As this my 52nd week I will finish with a celebratory joke that sums up the essential 'bah, humbug' of my weekly ranting.
However, first, I would like to draw your attention to the screen grab (right).
This is the stats page of my blog, and it shows that about a hundred people a week read my vitriolic prose.
I thank each and every one of you for showing an interest.
Down at the bottom right you can see a rather nifty map showing where the readers come from, and latterly, my north American readership has picked up due to sharing it to some new sites, Reddit, Pinterest, Stumbleupon and Delicious.
The darker green of the US shows that there are more from there these days than home, so I am going to change my writings slightly to accommodate them.
So instead of just saying that Julie Bishop likes murdering children, I will say the Australian Foreign Minister, Julie Bishop, likes murdering children.
Instead of saying simply "the Abbott government like destroying the environment", I will instead say "the current Australian Federal Government, headed by an ultra-conservative lackwit, Tony Abbott, like destroying the environment", and so on.
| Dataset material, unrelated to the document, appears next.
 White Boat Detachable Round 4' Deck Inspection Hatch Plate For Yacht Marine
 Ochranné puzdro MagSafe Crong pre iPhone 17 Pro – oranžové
Hopefully the accommodating of our overseas readers will not inconvenience those at home or interfere with the free flow of invective that I spew.
And now, since we have some US readers I will take the opportunity to tackle an issue that still bugs me, namely, the Imperial system(?!!) of measurement.
The US of course still famously refuse to institute the Metric System, due to, I guess, an unwillingness to change to something unfamiliar.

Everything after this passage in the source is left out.